Na semana passada, vimos dois episódios no Ministério das Relações Exteriores que comprovam a existência de ambientes férteis para o “yes-man”. O jornal O Estado de S. Paulo teve acesso a telegramas da Embaixada em Washington sobre a campanha eleitoral e seu resultado nos Estados Unidos. O nosso embaixador lá fez relatos insípidos sobre o processo, relatando as alegações de fraude generalizada e a estratégia jurídica da campanha Trump. Até aí, tudo bem. O problema residiu na incapacidade de emitir sequer uma consideração sobre o caráter manifestamente falso de tais alegações ou sobre as chances praticamente nulas de tal estratégia dar algum resultado.
O segundo fato relevante foi o caso de embaixador indicado para a delegação brasileira junto à ONU e em Genebra, que foi rejeitado pelo plenário do Senado. O estopim foi a recusa do indicado a responder a pergunta da senadora Katia Abreu. Alegou que a pergunta versava sobre tema que não é da sua alçada. Disse que não estava “mandatado” para se manifestar sobre como as denúncias de descalabro da política ambiental podem servir de desculpa para minar o acordo Mercosul-UE por parte de setores protecionistas europeus.
Tanto num caso quanto no outro, o ímpeto por agradar e o medo de dizer qualquer coisa não previamente chancelada pela chefia retiraram a capacidade dos agentes públicos de desempenhar com eficácia suas funções. No caso do embaixador nos EUA, seus informes deixaram de alertar para alta probabilidade de vitória de Biden e sua irreversibilidade nos dias seguintes ao pleito. Já o indicado para Genebra demonstrou não entender a natureza do jogo no Senado, cuja sabatina não consiste em tomar a lição de um aluno que poderia alegar que a matéria não foi dada em sala para negar-se a responder a um questionamento.
Com um pouquinho de desenvoltura, deixando de lado a mentalidade de “yes-man”, seria plenamente possível dizer à senadora, sem contradizer a política oficial, de que ela tinha razão: o agronegócio brasileiro é o mais sustentável do mundo, alguns interesses protecionistas exageram problemas por interesse próprio e podemos melhorar nossa imagem no exterior.

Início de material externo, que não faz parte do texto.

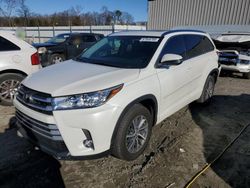 Salvage cars for sale at Spartanburg, SC auction: 2018 Toyota Highlander SE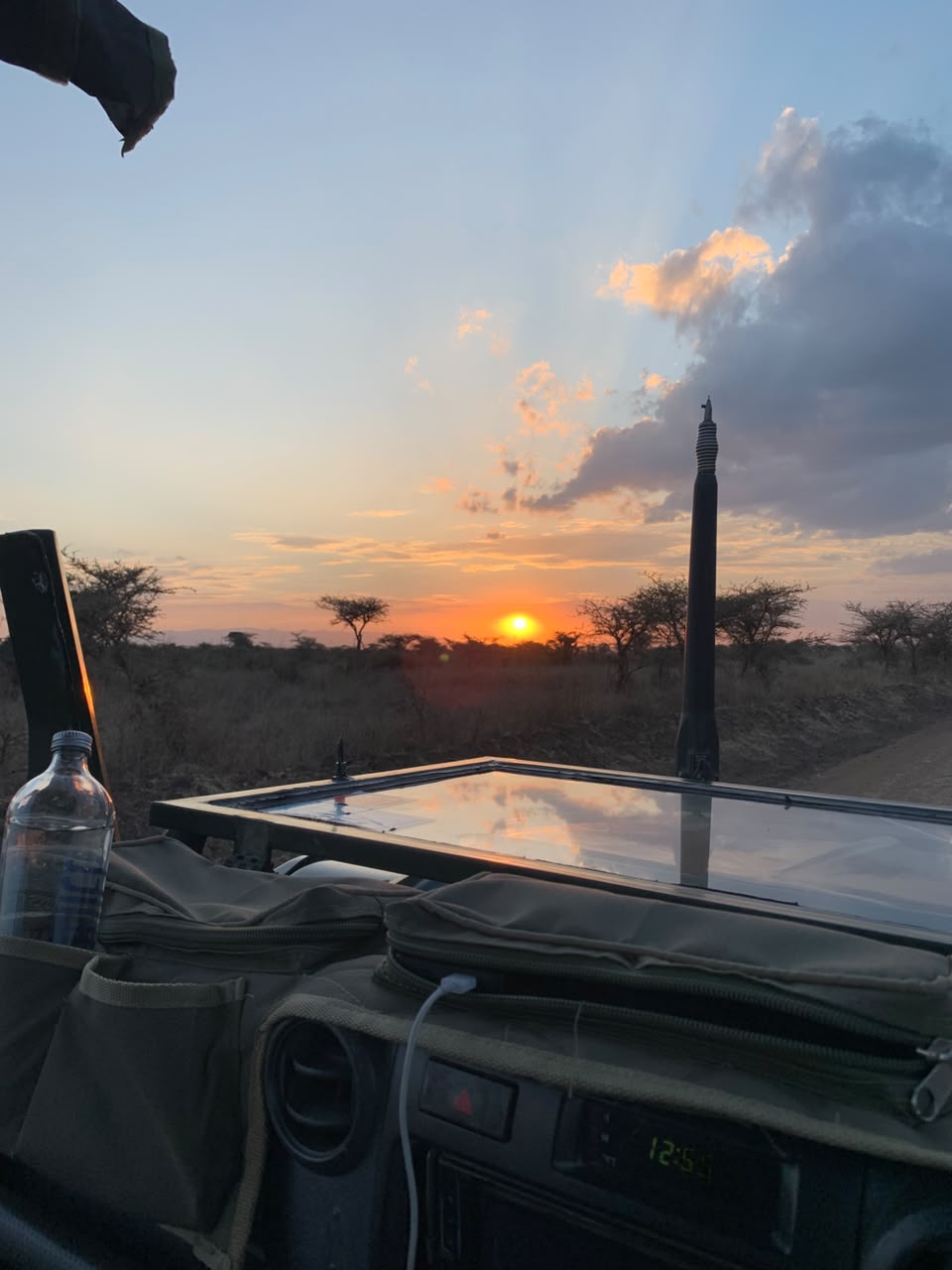 Sunset with Kenya bush expeditions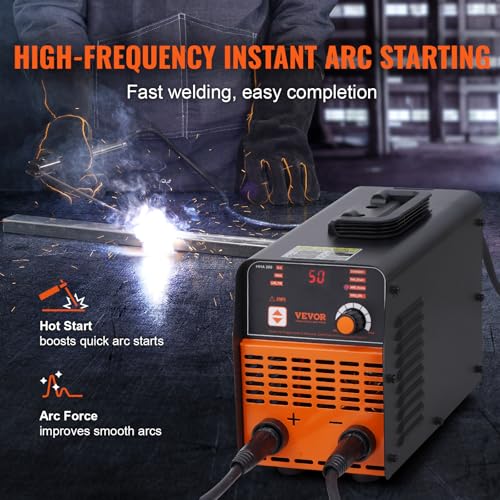 Image of VEVOR Stick Welder, 200Amp 2 in 1 ARC /Lift Tig Welder Machine 110 /220V with Hot Start Arc Force Anti-Stick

Não culpemos apenas os personagens que agem como “yes-man”. O exemplo tem de vir de cima. A verdadeira liderança valoriza o pluralismo e a independência de pensamento. Lincoln incluiu no seu gabinete alguns desafetos para ter mais capacidade de governar, o chamado “time de rivais”. Na crise dos mísseis, JFK valorizava os que discordavam, pois isso permitia colocar à prova suas convicções, em prol de decisões mais embasadas. Talvez falte no Brasil esse estilo de liderança.